Supreme Court Justices Hint That Obamacare Repeal Is Highly Unlikely

Supreme Court justices listening to oral arguments on Tuesday regarding the legality of the Affordable Care Act (ACA), sometimes referred to as Obamacare, signaled reluctance toward finding the law unconstitutional.

At issue is whether a portion of the law called the individual mandate is severable or not — a legal term that questions whether the law can exist or not without a specific provision being enforced. A complete striking down of the law, if it’s found not to be severable from the mandate, would mean those who receive subsidies to buy insurance, utilize federal and state-created health exchanges, or even benefit from the law’s provision on protecting those with preexisting health conditions, could be negatively affected.

In 2012, the Supreme Court had ruled that the mandate, which required Americans to purchase health insurance if they were financially able to do so, was constitutional. Those who did not purchase insurance, either through their employer or through a health insurance exchange, would be assessed a tax by the federal government.

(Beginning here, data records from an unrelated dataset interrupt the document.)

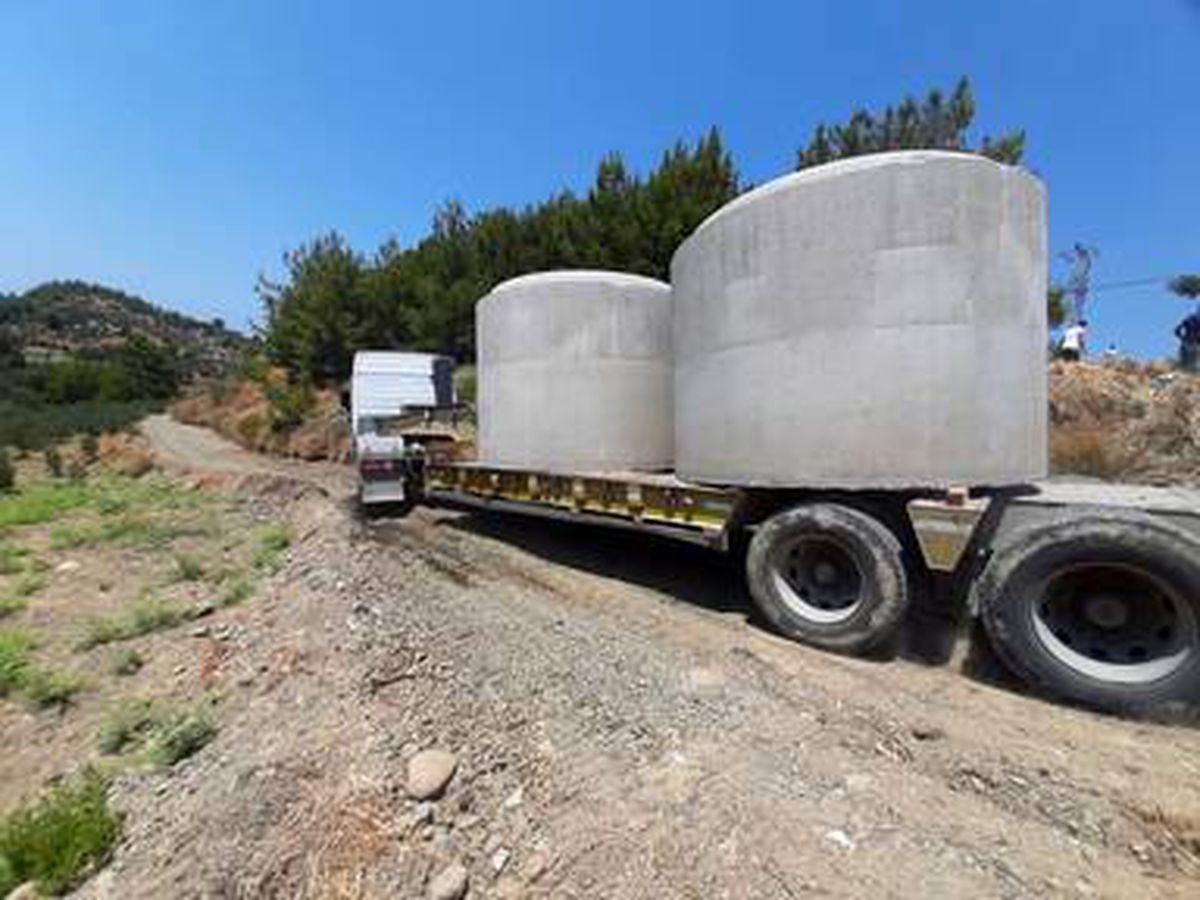 HBB \'nin dere temizliği çalışmaları devam ediyor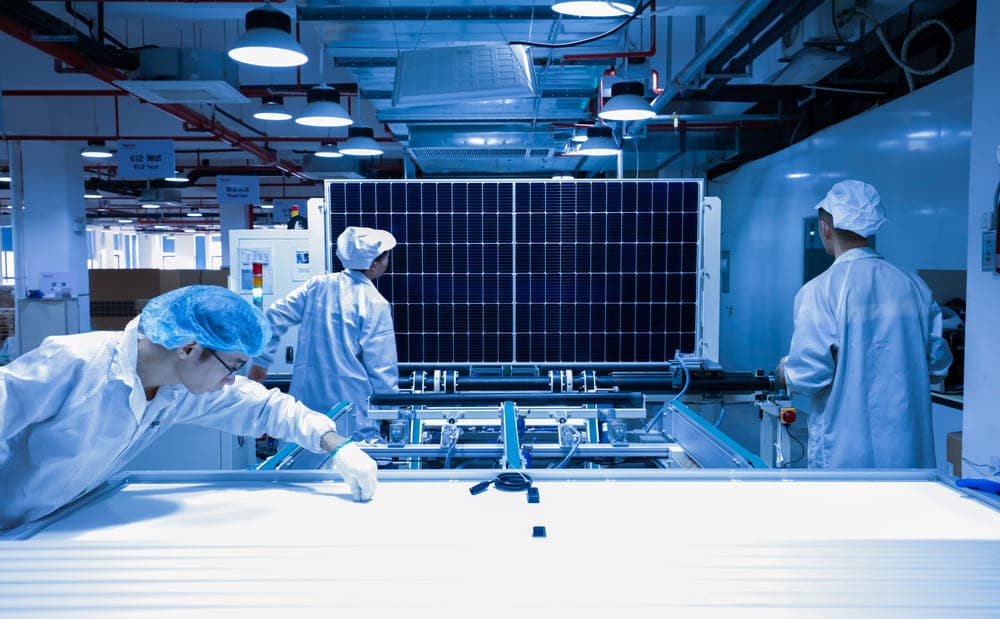 Les avantages des cellules photovoltaïques à points quantiques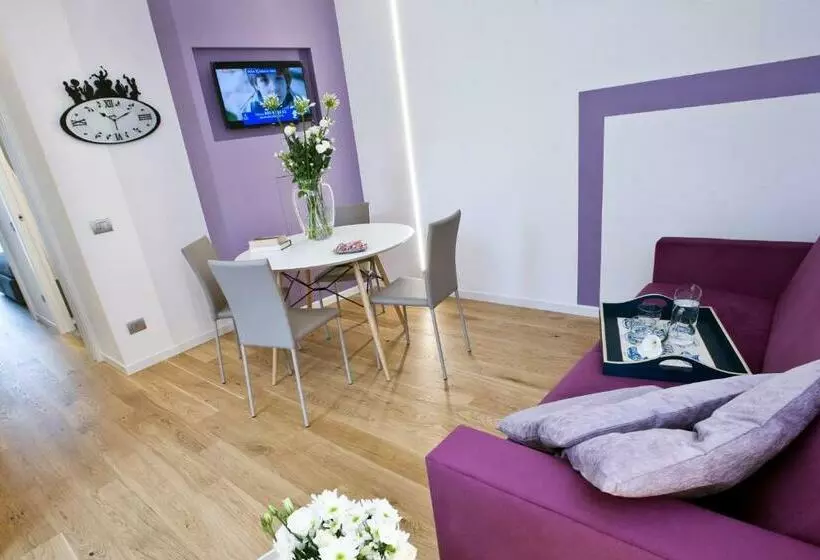 Aamiaismajoitus (B&B) Manzoni 124 Bed&relax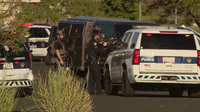 Phoenix Police arrest home break-in, shooting suspect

In 2017, however, Congress, then controlled by Republicans, passed the Trump administration tax cuts. In the bill that was later signed into law by President Donald Trump, there was a provision that zeroed-out the individual mandate, effectively creating no penalty for not having purchased insurance if one could otherwise afford to do so.

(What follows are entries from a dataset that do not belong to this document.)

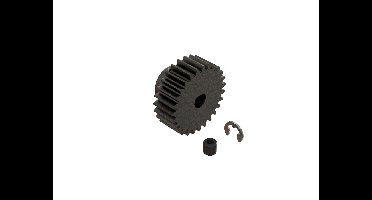 Arrma - 27T 0.8Mod Safe-D5 Pinion Gear (ARA311010)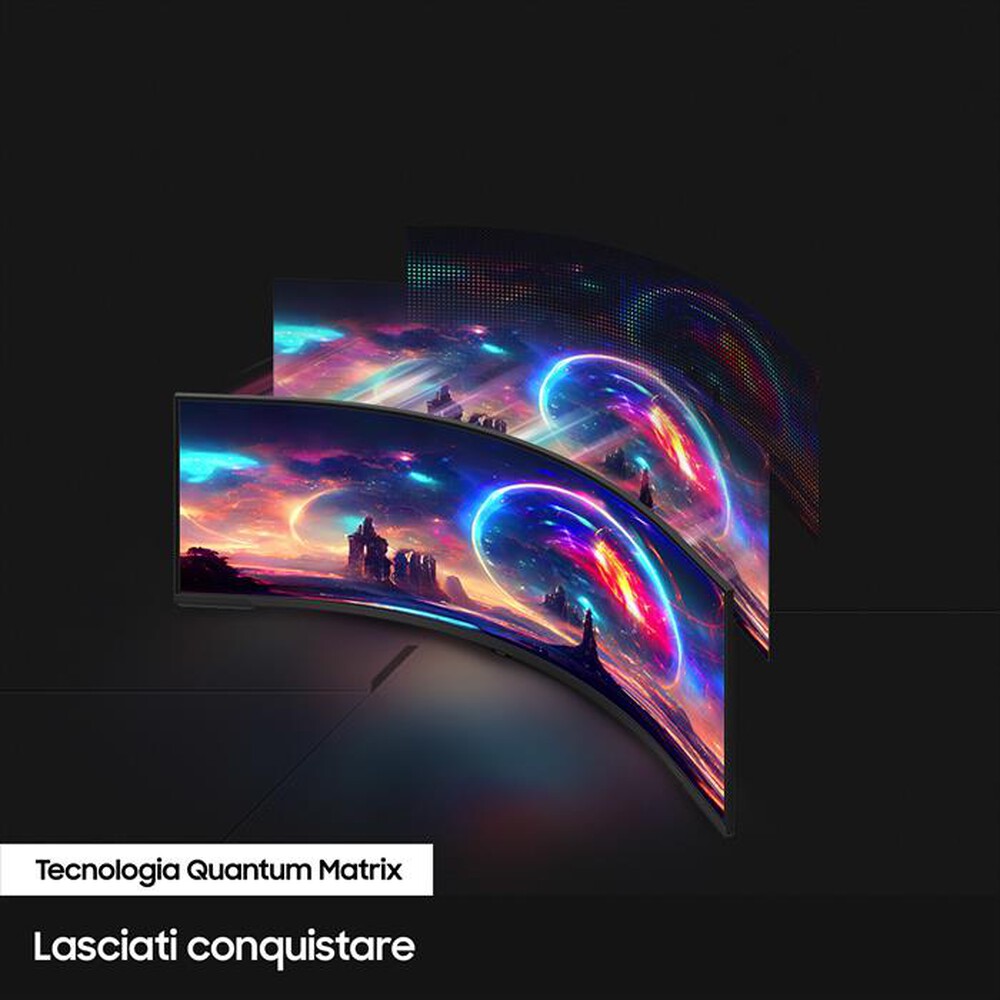 Immagine del prodotto SAMSUNG - MONITOR GAMING ODYSSEY NEO G9 DA 57'' DUAL UHD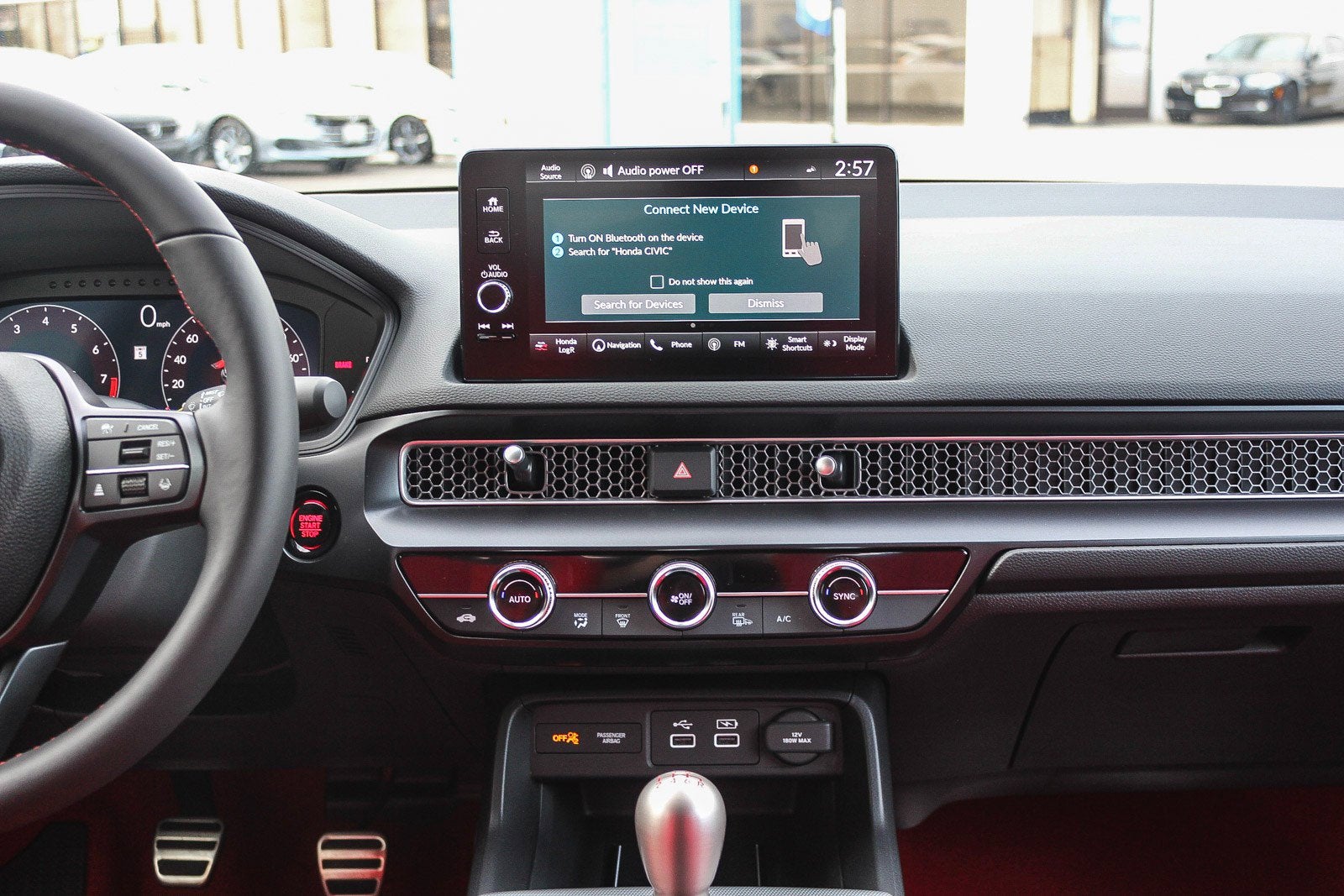 2025 Honda Civic Manual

Afterwards, several states across the country filed lawsuits alleging that, without the mandate, the law was inoperable and unconstitutional.

The three liberal justices on the Supreme Court, not surprisingly, signaled on Tuesday that they weren’t buying into that line of argument. But two conservative bloc justices, Chief Justice John Roberts and Justice Brett Kavanaugh, also made comments that implied they weren’t inclined to accept the arguments to strike the law down.

Kavanaugh, in discussions with a lawyer defending the law, said he agreed that “this a very straightforward case for severability under our precedents, meaning that we would excise the mandate and leave the rest of the act in place.”

“It does seem fairly clear that the proper remedy would be to sever the mandate provision and leave the rest of the law in place,” Kavanaugh also said.

Roberts appeared to agree. In discussing how Congress went about changing the law, he noted that Republicans had not ended it completely in the Trump tax bill.

“I think it’s hard for you to argue that Congress intended the entire act to fall if the mandate were struck down when the same Congress that lowered the penalty to zero did not even try to repeal the rest of the act,” Roberts said.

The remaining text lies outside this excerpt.